Her eyes widened in alarm, and he saw the life come back to her face. Beside him, Cathbar grunted in relief as Elspeth, grimacing, put one foot down, then the other.

Fritha called out again to Cathbar, glancing over her shoulder at the approaching men. The tall girl’s face was white and set, but her voice was steady. Cathbar replied with a nod, and turned to Edmund.

‘She says to follow where she goes!’

Fritha broke into a run. The nearest pursuers were only yards from Edmund and Cathbar now, and the two of them broke into a shuffling trot after her, lifting Elspeth off her feet once again as they tried to keep up. But the tall girl did not lead them back to their fire. Instead, she turned back on to the ice, walking straight out towards the centre of the lake.

‘Not that way!’ Edmund shouted in horror. ‘What if the ice cracks again?’

‘That’s what they’ll be thinking, too,’ Cathbar told him, jerking his head at the pursuing men, who had slowed their chase and were shouting and pointing.

Fritha was testing each step, heading further and further away from the shore, towards the shadowy mass of the mountain. In a few moments Cathbar, Edmund and Elspeth had
reached the spot at which she had ventured on to the ice. Without hesitation, Cathbar headed after her, dragging the other two with him.

‘It’s safer than meeting
them
,’ the captain said shortly, darting a glance over his shoulder. ‘They’re calling us thieves – and they want to drown Elspeth for a witch.’

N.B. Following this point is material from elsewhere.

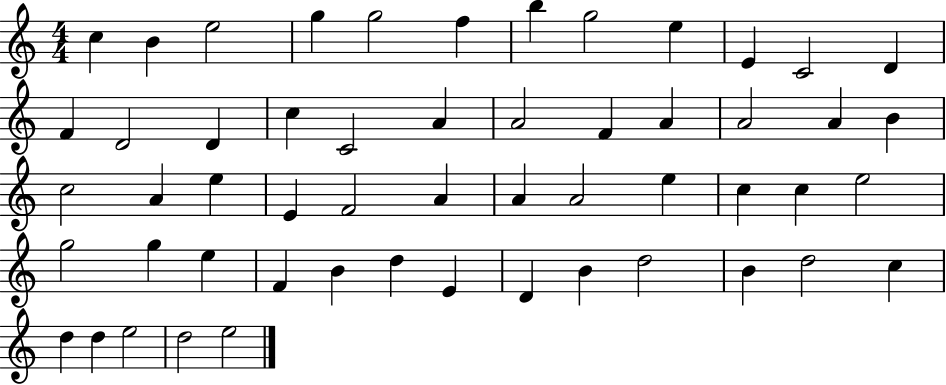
C5/q B4/q E5/h G5/q G5/h F5/q B5/q G5/h E5/q E4/q C4/h D4/q F4/q D4/h D4/q C5/q C4/h A4/q A4/h F4/q A4/q A4/h A4/q B4/q C5/h A4/q E5/q E4/q F4/h A4/q A4/q A4/h E5/q C5/q C5/q E5/h G5/h G5/q E5/q F4/q B4/q D5/q E4/q D4/q B4/q D5/h B4/q D5/h C5/q D5/q D5/q E5/h D5/h E5/h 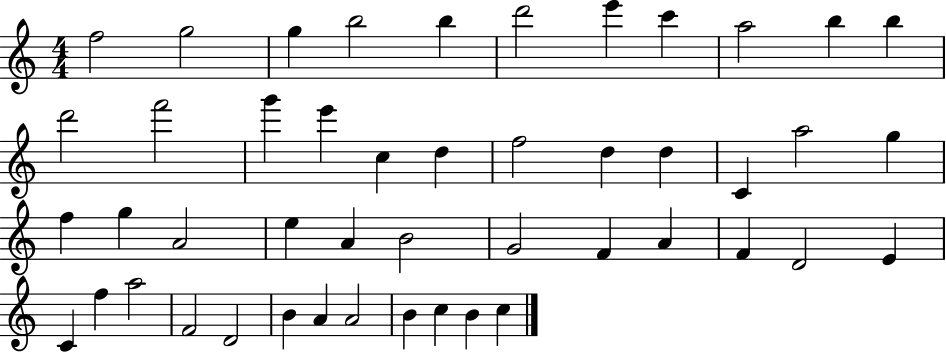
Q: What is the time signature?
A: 4/4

A howl rose from the fishermen as they saw what their quarry was doing. Fritha moved steadily forward without turning her head, sliding one foot at a time through the light covering of snow and leaving two dark trails behind her. The other three followed in her tracks, clutching each other for balance as their feet slid on the smooth surface. Edmund tried not to hear the shouts and jeers of the men behind them, or to think about the ice cracking beneath his feet. He kept his eyes on Fritha’s back and fixed all his attention on staying upright, keeping hold of Elspeth and moving ahead, step by slippery step.